- Material provided
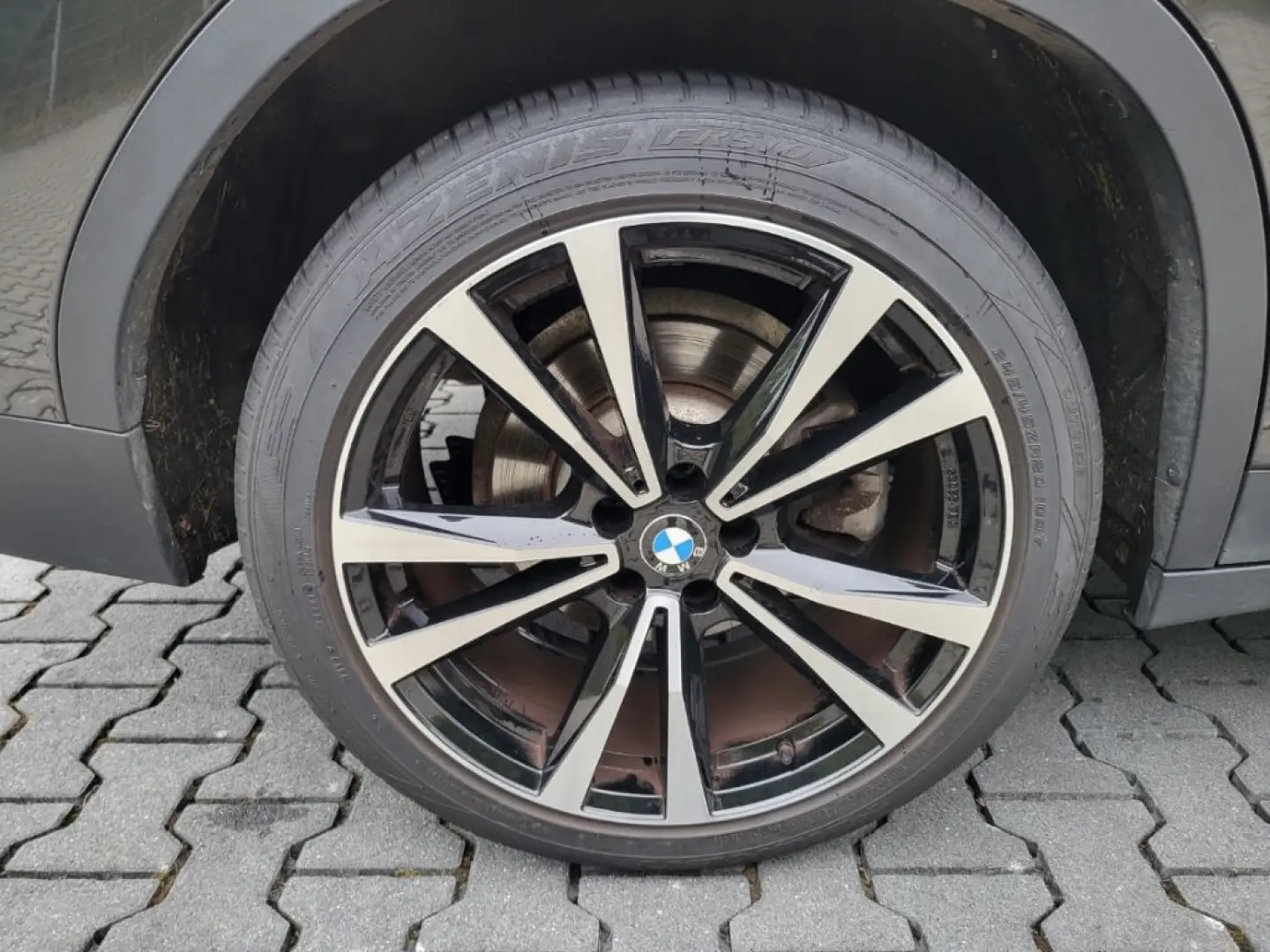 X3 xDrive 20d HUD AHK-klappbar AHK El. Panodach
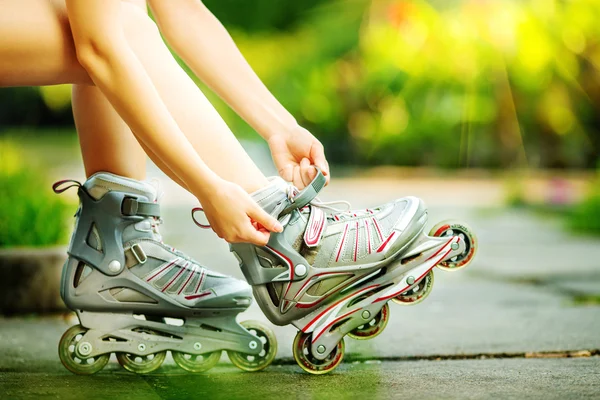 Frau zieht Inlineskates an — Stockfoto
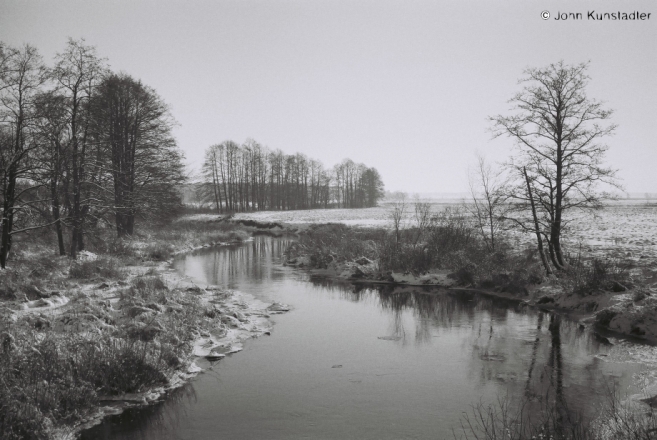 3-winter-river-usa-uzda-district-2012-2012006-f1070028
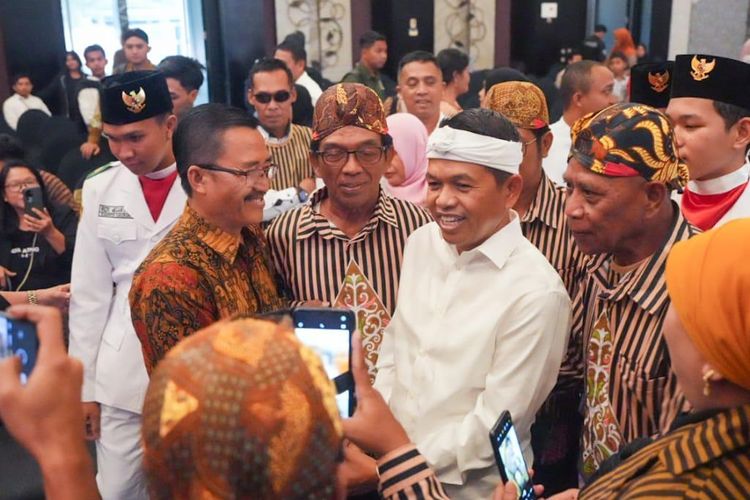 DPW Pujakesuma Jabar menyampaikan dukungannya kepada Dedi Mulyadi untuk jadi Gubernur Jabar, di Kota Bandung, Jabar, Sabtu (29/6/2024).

- How to complete this task
Output only the lines that run from the line containing "Frau zieht Inlineskates an — Stockfoto" to the last line of the data, exactly as they stand and without pictures.

- Answer to the exercise
 Frau zieht Inlineskates an — Stockfoto
 3-winter-river-usa-uzda-district-2012-2012006-f1070028
 DPW Pujakesuma Jabar menyampaikan dukungannya kepada Dedi Mulyadi untuk jadi Gubernur Jabar, di Kota Bandung, Jabar, Sabtu (29/6/2024).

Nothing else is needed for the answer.